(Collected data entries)
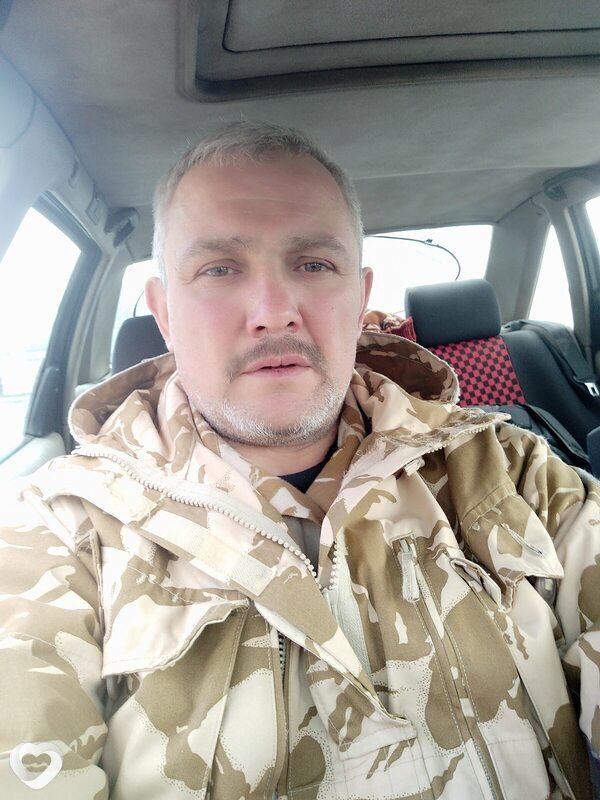Юрий, 50, Пружанах — анкета №79648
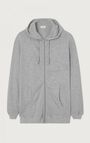 Sweat homme Sonoma, GRIS CHINE, hi-res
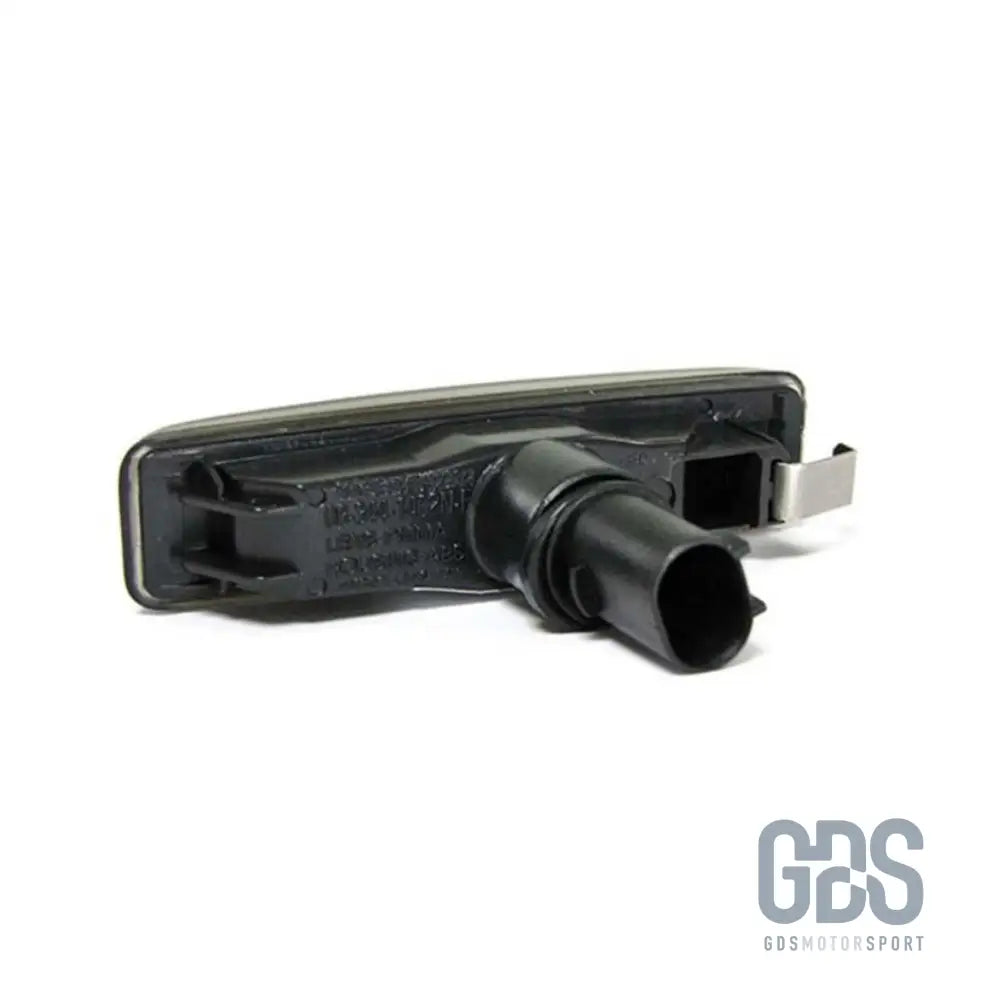 Pack black edition — feux fumé + calandres + répétiteurs noir bmw e39 phase 1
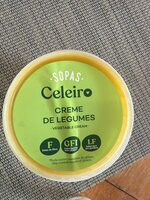 Creme De Legumes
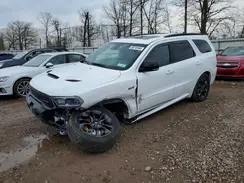 1C4RDJDG0SC550728 2025 DODGE DURANGO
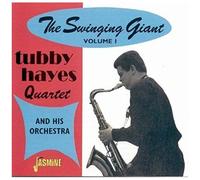 Swinging Giant, Vol.1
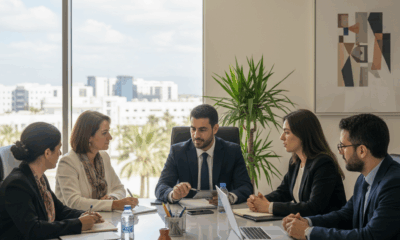 découvrez comment trouver le meilleur bureau de recrutement à rabat en 2025 grâce à notre guide complet destiné aux entreprises et candidats pour optimiser vos recrutements et carrières.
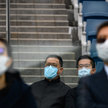 Chiny ogłosiły sukces w walce z epidemią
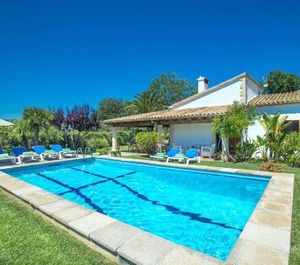 Villa Geranios Pollensa 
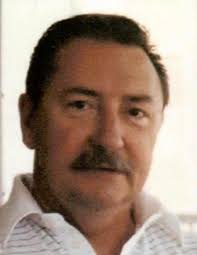 Obituary information for George Edward Moon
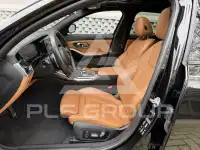2020 BMW 340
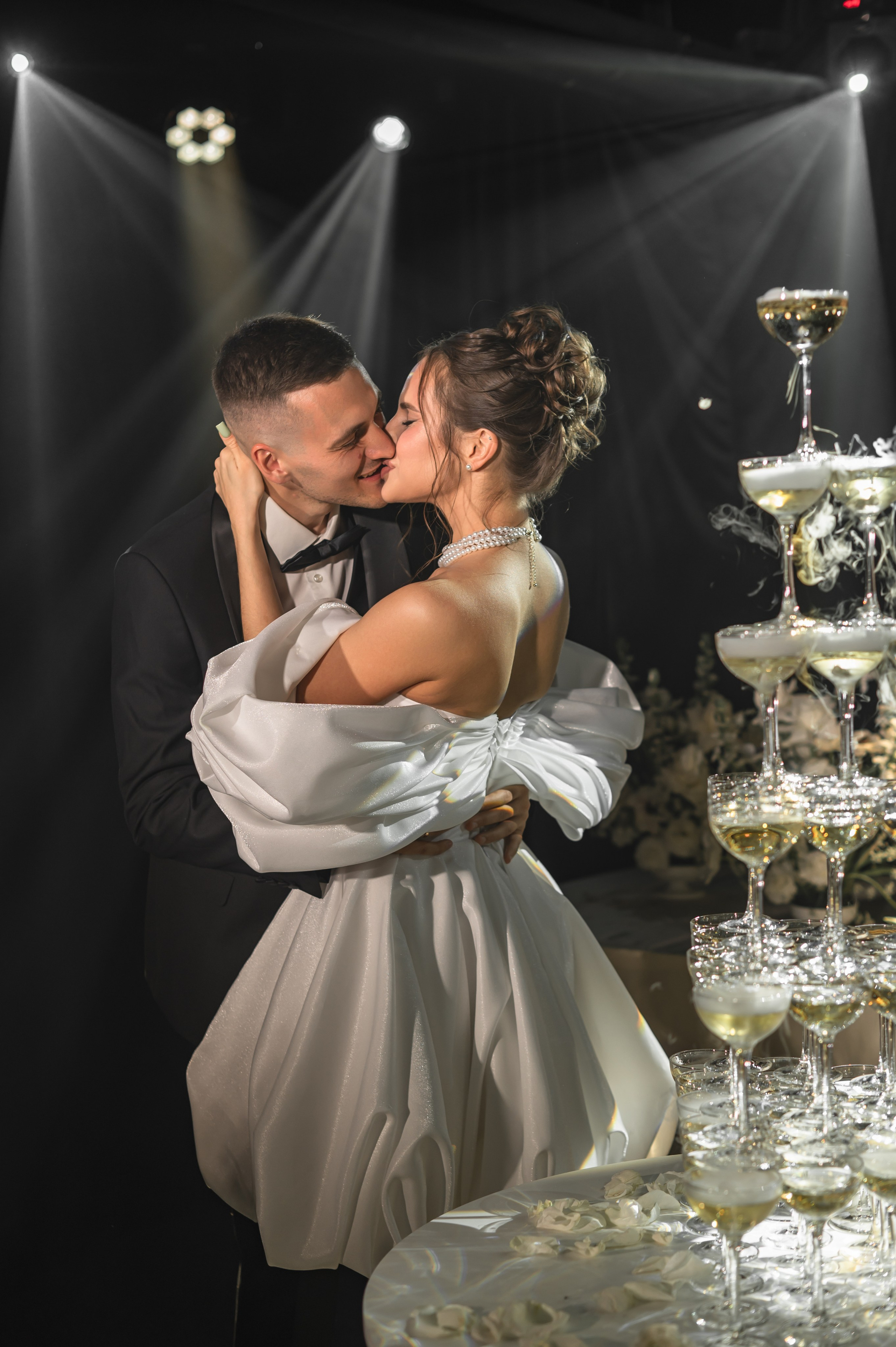 Краснодар. Свадебный и семейный фотограф в Краснодарском крае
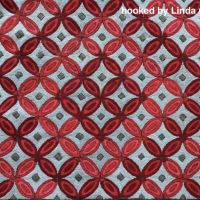 Aunt Amelia's, pattern by Joan Moshimer, M93C, 25 x 36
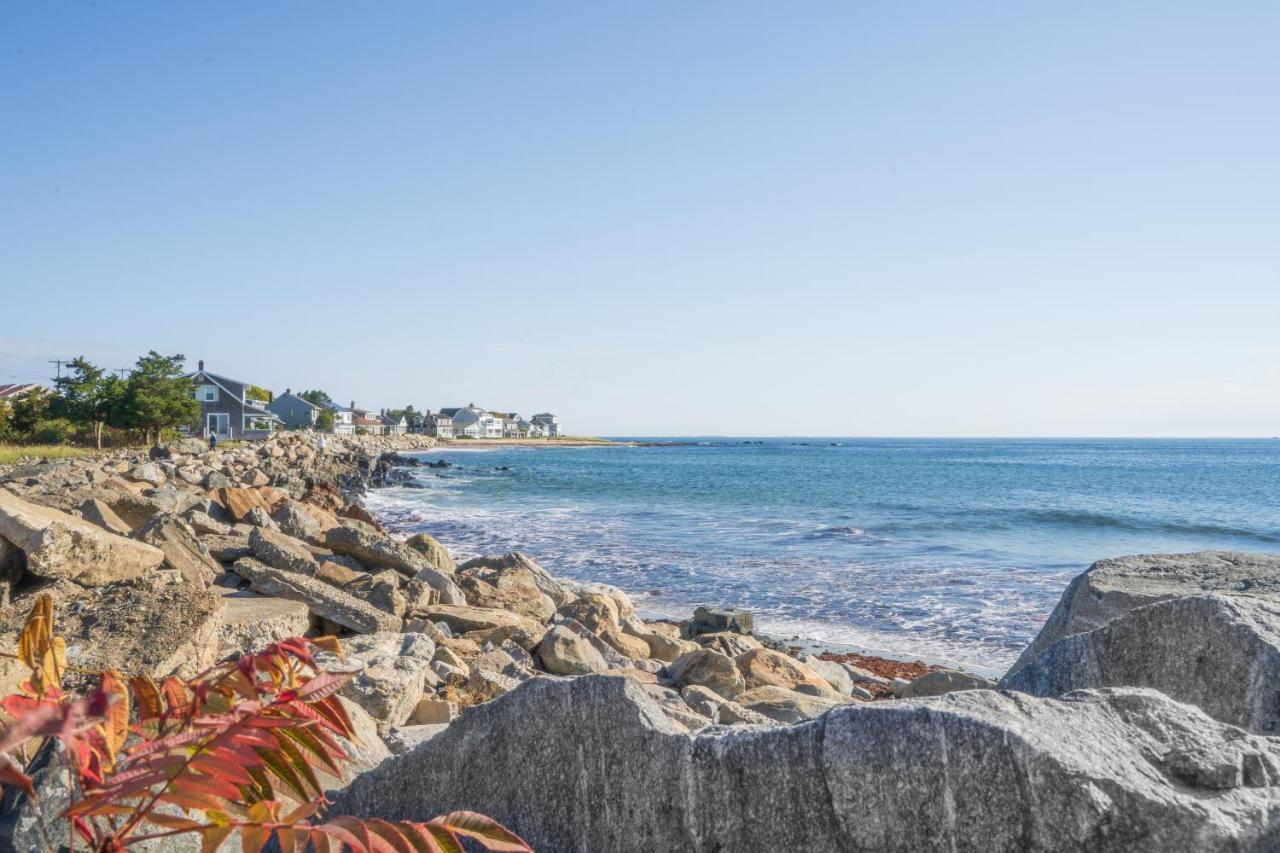 935 Ocean, A Beachside Hampton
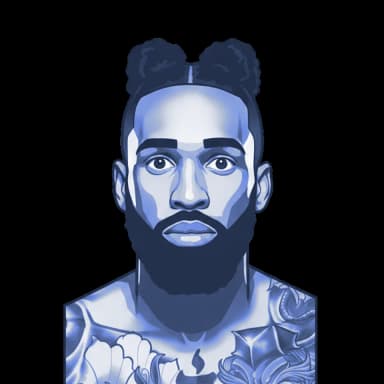 Andre Ewell — illustration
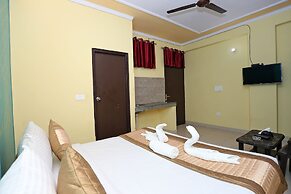 Hotel Airport Palace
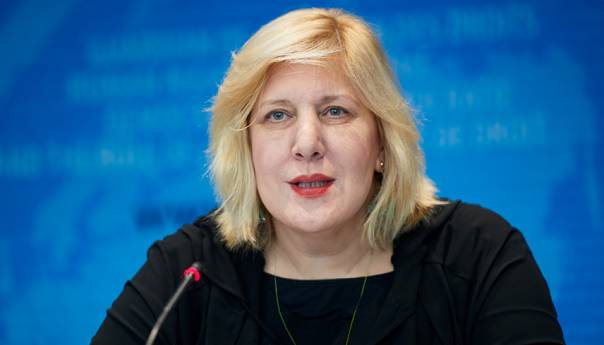 IGK poslao pismo evropskoj komesarki za ljudska prava Dunji Mijatović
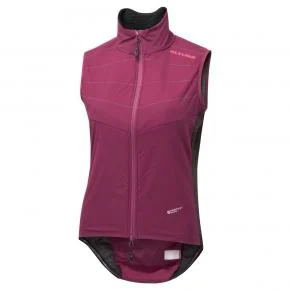 Altura Icon Rocket Womens Insulated Packable Gilet Size 10 only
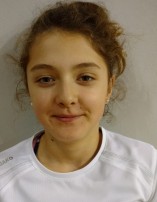 Oliwia SZUMSKA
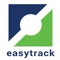 Creative EasyTrack allows logistics planners and drivers to manage their daily delivery jobs easily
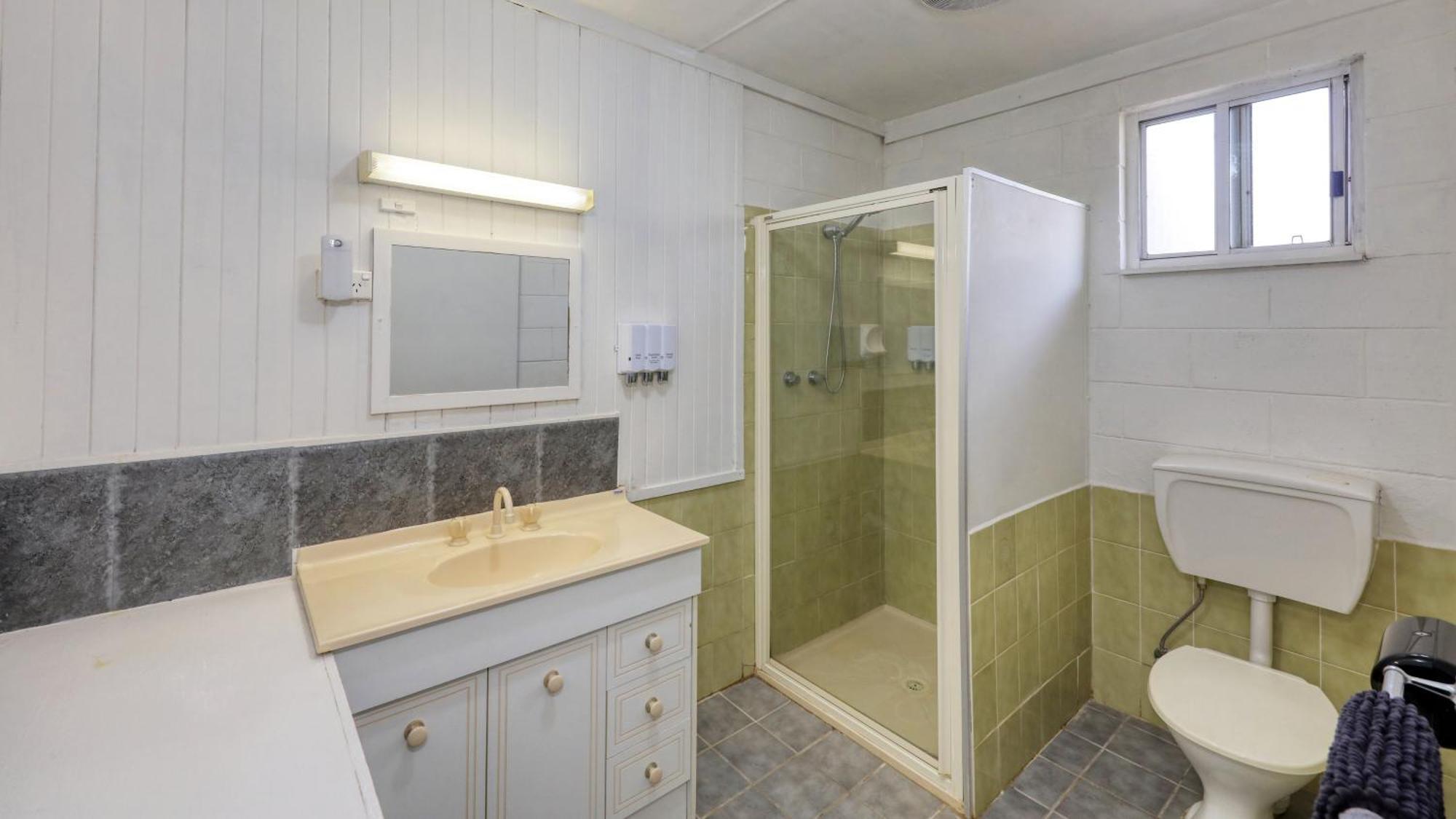 Peak Hill Oasis Motel المظهر الخارجي الصورة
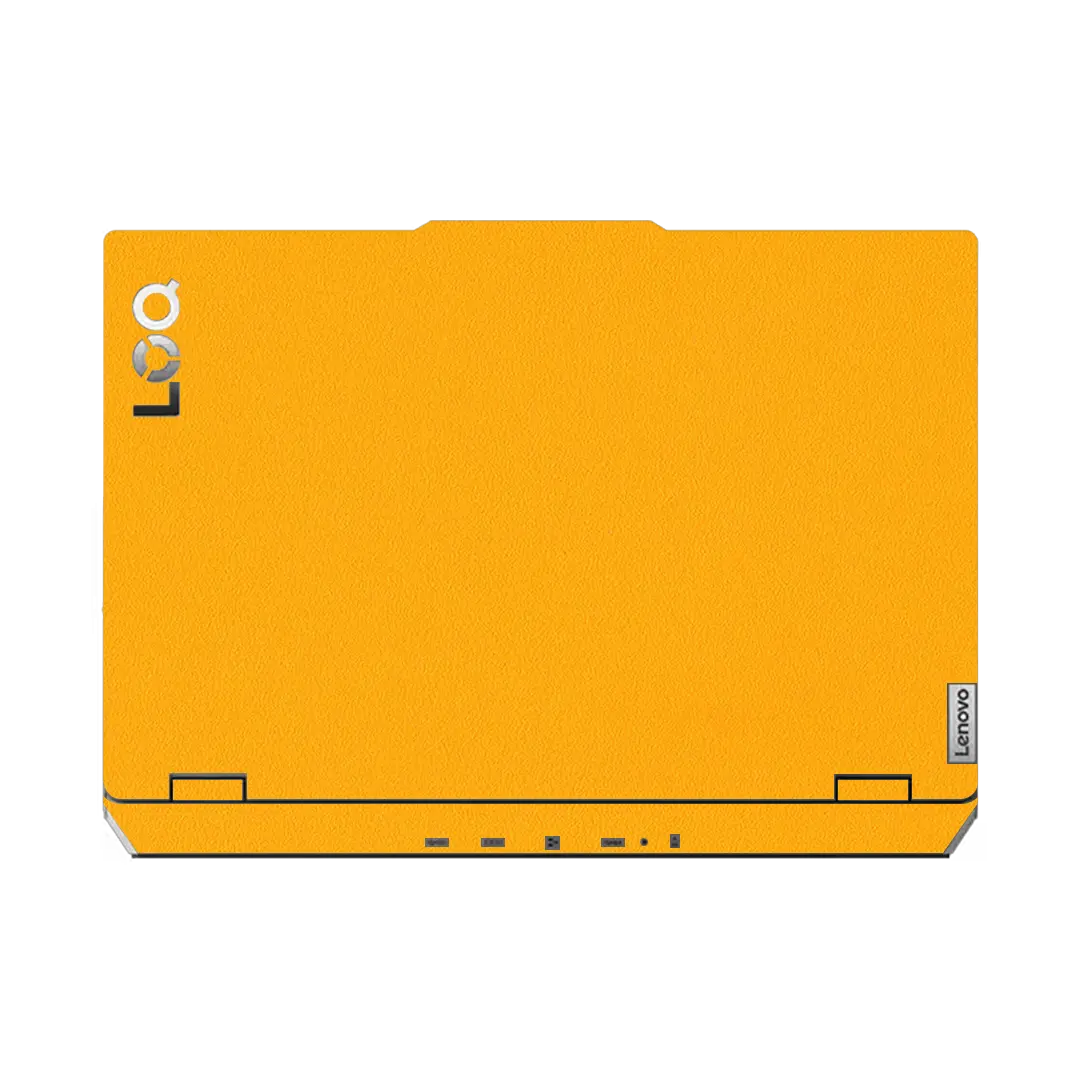 Preload Minimum / Sandstone Yellow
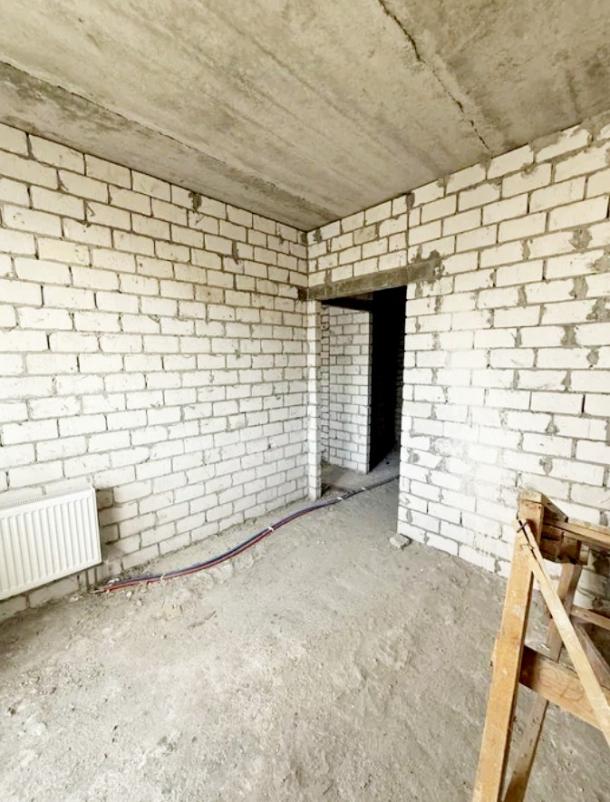 квартира, 1-кімн., Харьков, ХТЗ, Мира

_WORK REQUEST_. Omit the pictures. Print, word for word, the lines from the beginning of the entries above through the line that holds "Swinging Giant, Vol.1".

_TASK RESULT_.
Юрий, 50, Пружанах — анкета №79648
 Sweat homme Sonoma, GRIS CHINE, hi-res
 Pack black edition — feux fumé + calandres + répétiteurs noir bmw e39 phase 1
 Creme De Legumes
 1C4RDJDG0SC550728 2025 DODGE DURANGO
 Swinging Giant, Vol.1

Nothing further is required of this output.